Records to use:
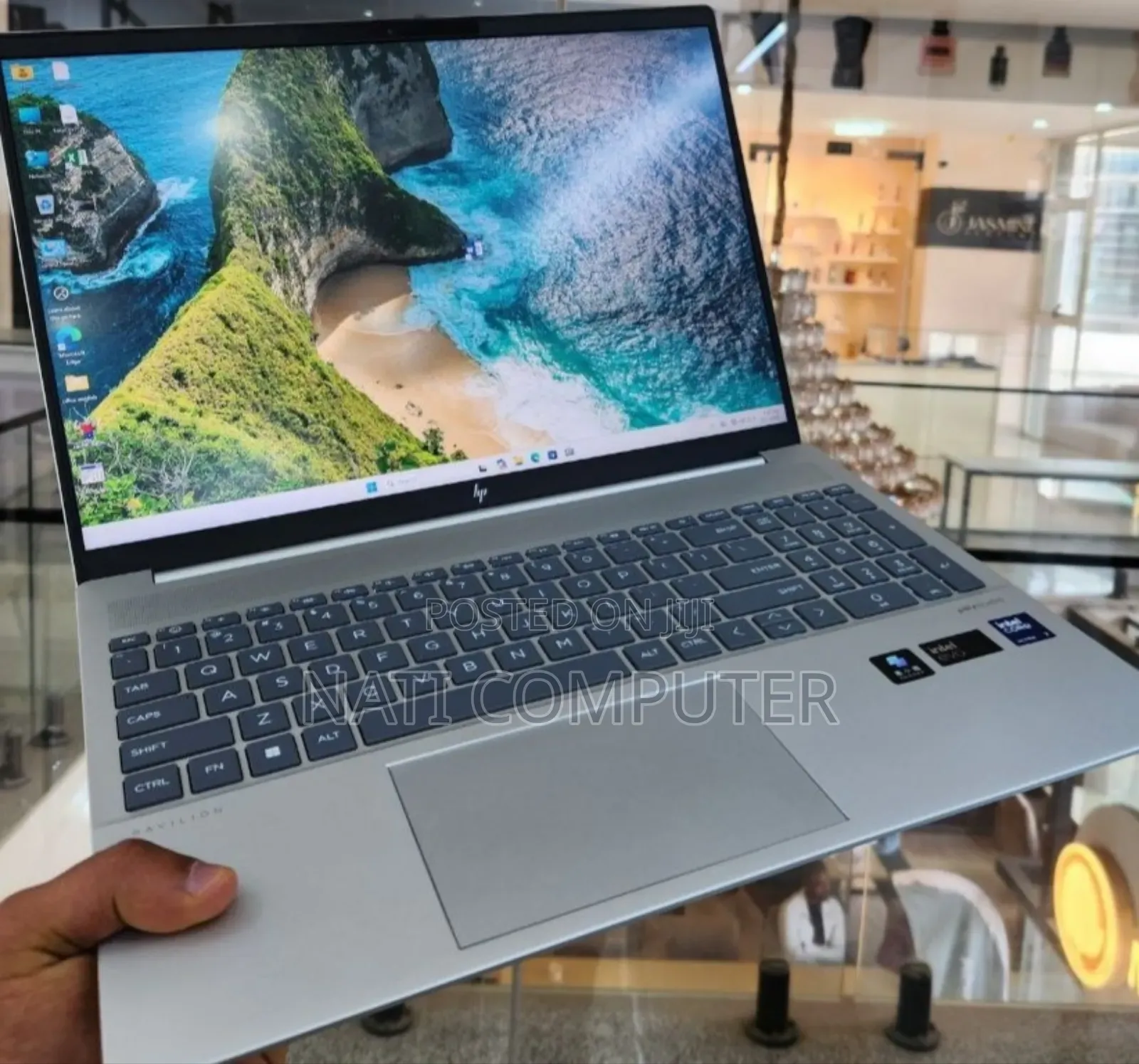 New Laptop HP Pavilion 15 16GB Intel Core Ultra 7 SSD 1T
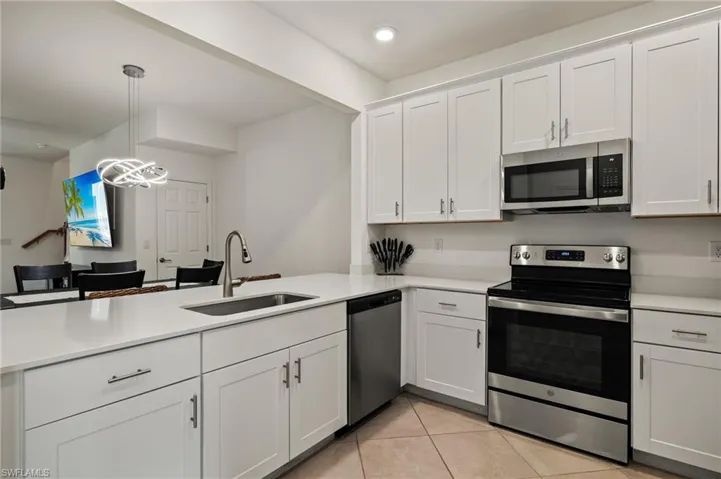 2934 Citrus St, Naples, Florida. Esperanza Bustamante, Listing Agent.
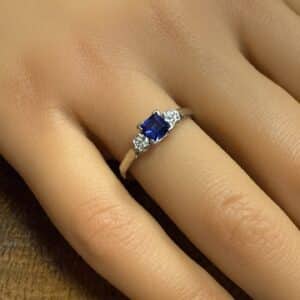 Art deco sapphire and diamond ladies ring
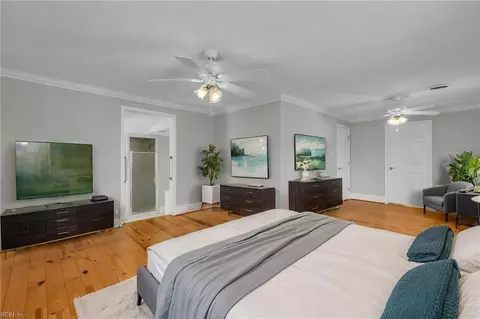 Bedroom - 329 Center St, Hampton, VA 23669 photo 13 of 13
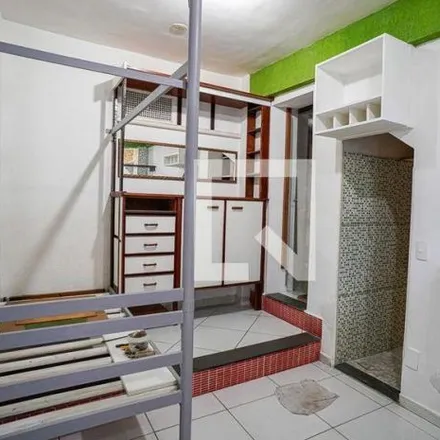 Rent this 1 bed house on Rua Manoel Correia in Fátima, Niterói - RJ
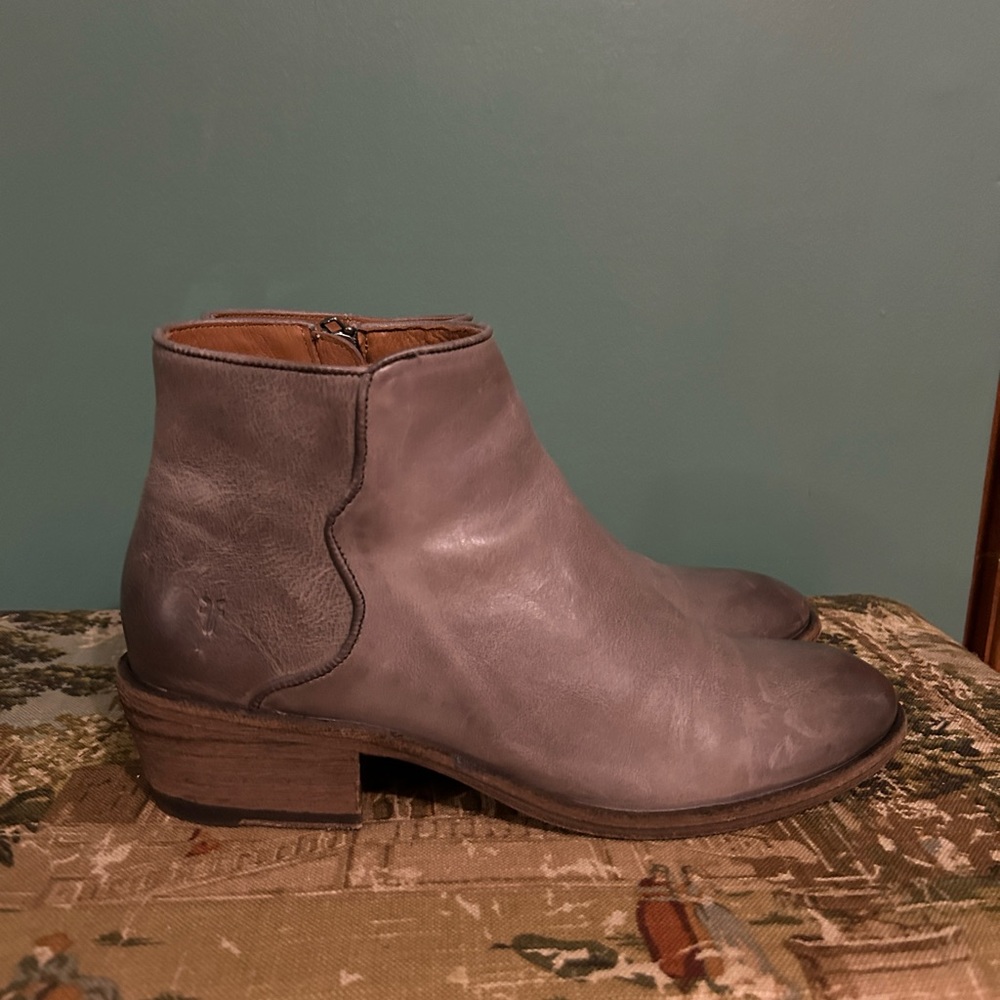 Frye leather Carson Piping ankle boots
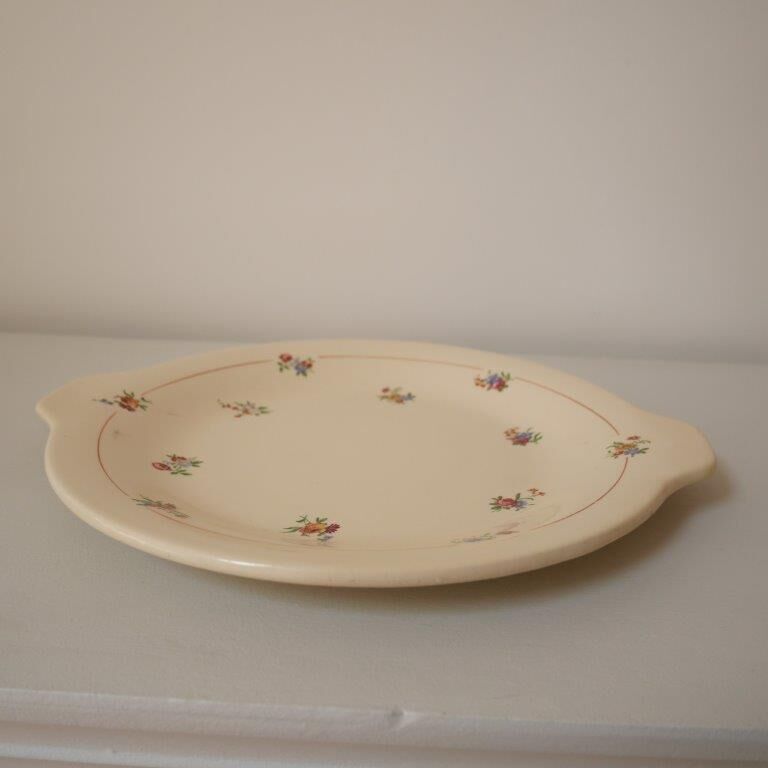 Set of 8 dessert plates with presentation plate, Béarn de Orchies Moulin des Loups model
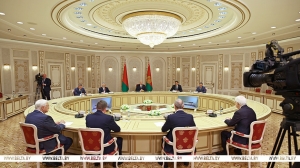 Президент видит возможности для достижения товарооборота в $1 млрд с Калужской областью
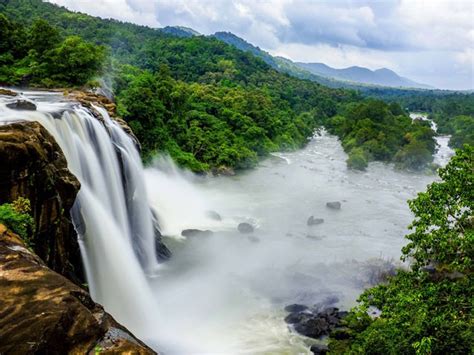 10 Must Visit Gorgeous Waterfalls in Kerala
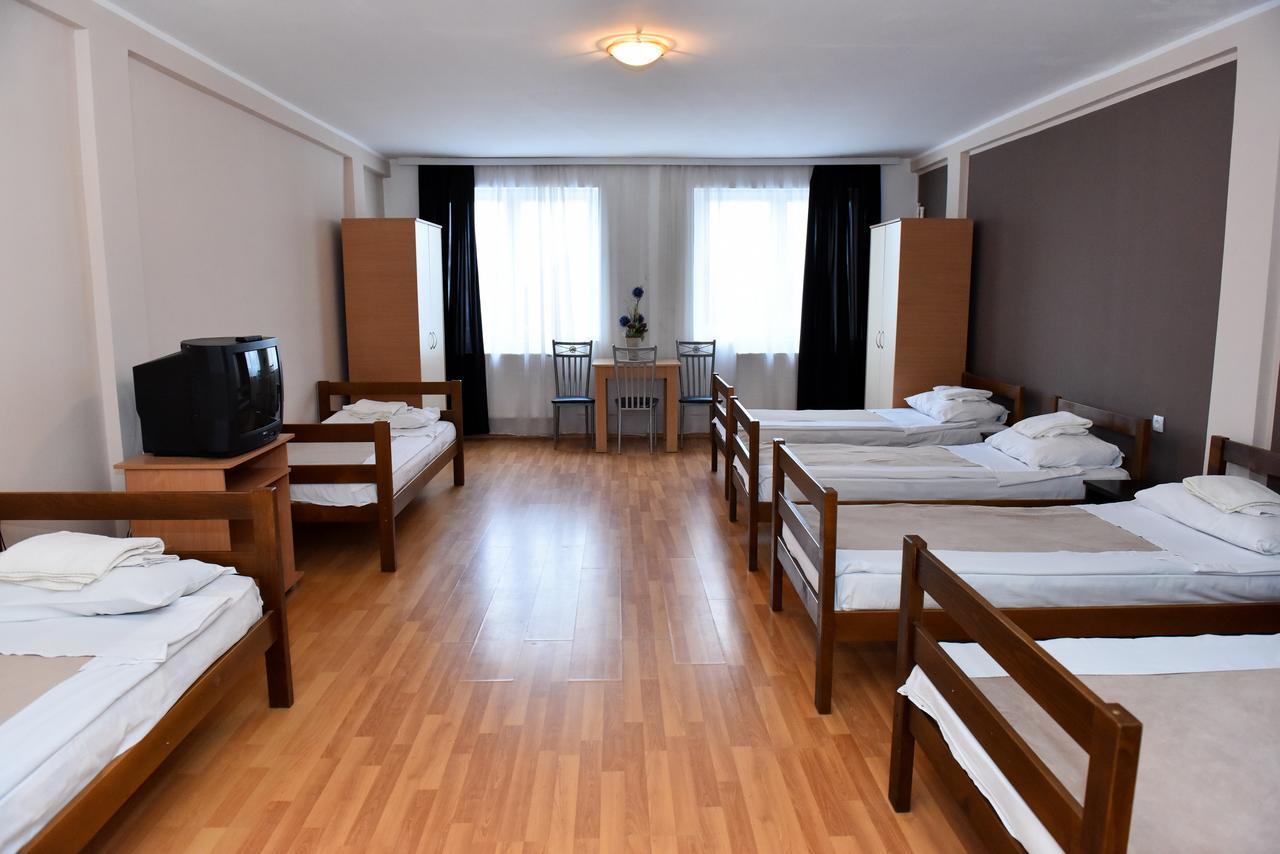 Hostel Milkaza Novi Sad Dış mekan fotoğraf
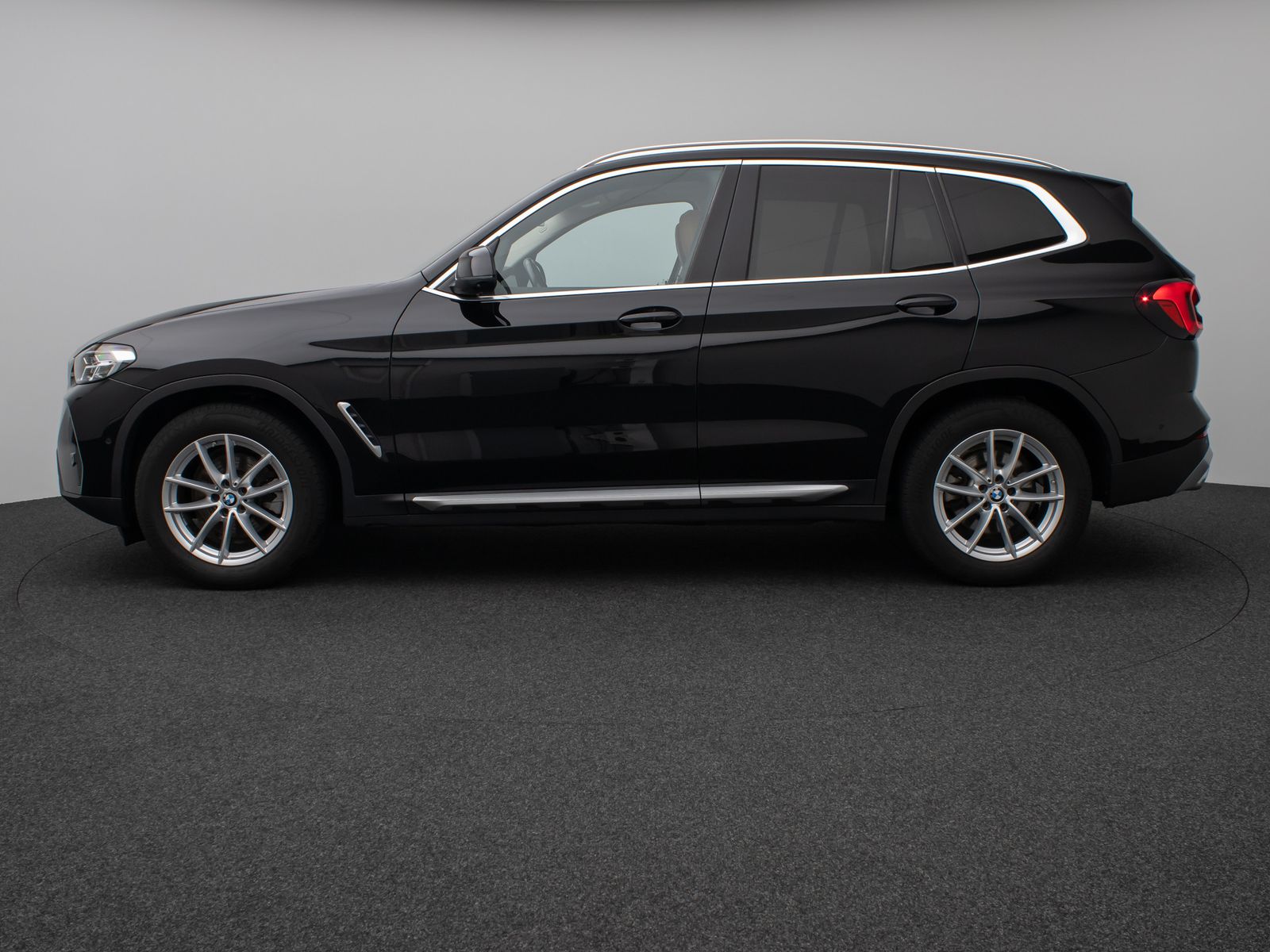 Fahrzeugabbildung BMW X3 xD20d Panoram 360°DAB HiFi Leder Sport 18Zoll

Your instructions: Every line between the one containing "10 Must Visit" and the last line of the data above, both included, should be copied exactly, but not the pictures.

Written answer:
 10 Must Visit Gorgeous Waterfalls in Kerala
 Hostel Milkaza Novi Sad Dış mekan fotoğraf
 Fahrzeugabbildung BMW X3 xD20d Panoram 360°DAB HiFi Leder Sport 18Zoll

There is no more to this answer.